The modern doula is a strange hybrid. She is not, usually, your sister or your mother. This may be because a mother doesn’t have access to these women, or she does not have the kind of relationship that would make asking for sustained support a possibility. She is not your friend nor even a part of your social circle. Yet the relationship you build with a doula includes elements of all these. Her goal is to care for you as gently and lovingly as if you are her own daughter.

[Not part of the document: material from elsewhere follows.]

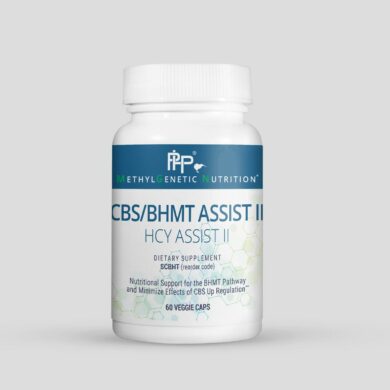 CBS/ BHMT Assist II HPO/THY (HCY Assist II) - 60 veggie capsules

Interestingly, the research studies on doulas have found the most powerful effects on the way women feel about their births come when a doula is not a friend of the mother and not a member of the hospital staff. Perhaps it is our independence, our lack of agenda and a tiny emotional distance that makes our support so powerful. And it is here that we get close to understanding the difference between a doula and a midwife. Some say that, in an ideal world, midwives would be able to provide the holistic, psycho-social support they yearn to. Personally, I feel our freedom from hospital hierarchies and commitment to serve the parents and no-one else, gives us a uniquely therapeutic effect. As I am fond of saying, even where the roles of doula and midwife overlap, can a mother have too much loving care?
Do I think every women needs a doula? I think it depends on what kind of species you think we are. If we are like dolphins or elephants or bonobos then yes, we truly do need a circle of women around the time of childbirth. Not because we can’t do it by ourselves, but because it is safer (protection from predators) and nicer (oxytocin production) than doing it alone.

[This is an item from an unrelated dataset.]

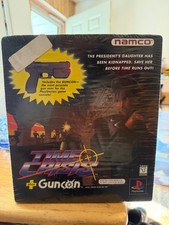 New Sealed - Time Crisis PS1 with NAMCO GunCon for PlayStation 1.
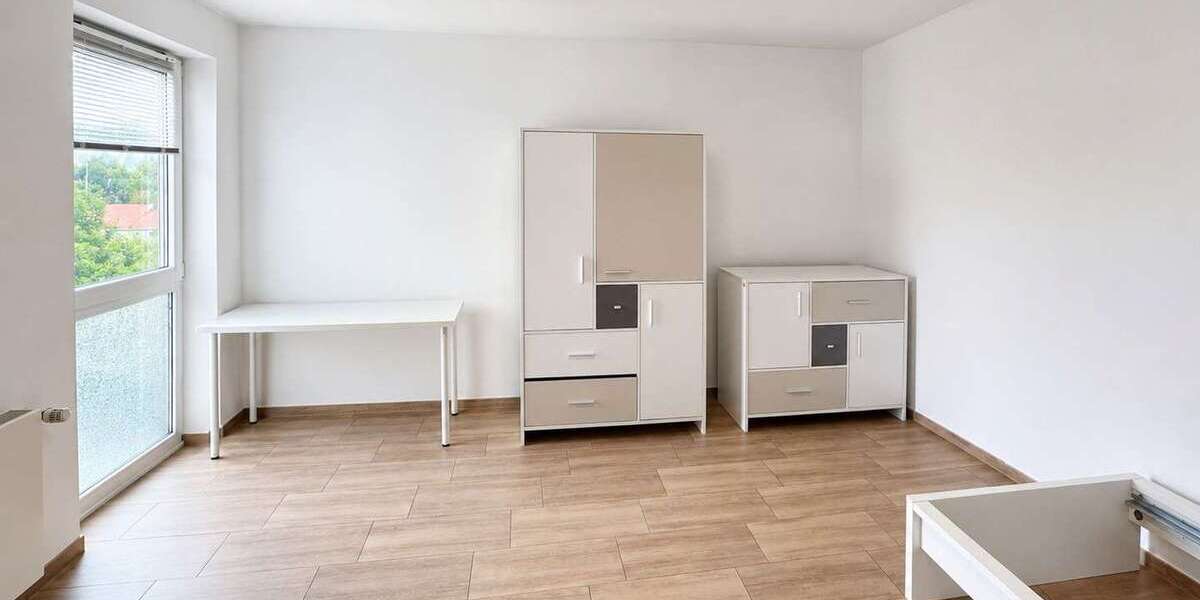 Etagenwohnung Erlangen Bruck - 1 Zimmer, 28 m&sup2;, 710&euro; | Angebot:27031547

Unlike other species, our pesky neocortex can interfere in birth. Our challenge is to work out how best to calm the fearful voices in our clients’ heads. Some will need utter isolation and others (most, I suspect) will need a sense of having physical and psychological protection. That circle of protection of the partner, midwife, doula and doctor ideally provides enough of a sense of safety and unconditional approval for the hormones of labour to flow unimpeded and for birth and breastfeeding to hopefully proceed without problems.
And what of the future for doulas? I suspect we will continue to evolve in response to the needs of the mothers we serve. I have seen the landscape change to one where doulas are still not often making a living doing this work, but getting closer. I’m hoping that will build sustainability into the doula community and allow us to put time and energy aside to support more vulnerable women who can’t afford to pay. I foresee a greater acceptance and understanding from the medical professions and more creative ways of working together dreamed up. Most crucially, I am hoping the grassroots movements created and supported by doulas will begin to turn the tide and create maternity care that is driven by the needs and wants of mothers – mothers who understand that they have choice and control over how they enter motherhood.
The three-legged stool of doula care is strong and simple: we hold you up with practical, emotional and informational support. Use us, or don’t use us, but know we are there, to be who you need us to be as you design your grand adventure.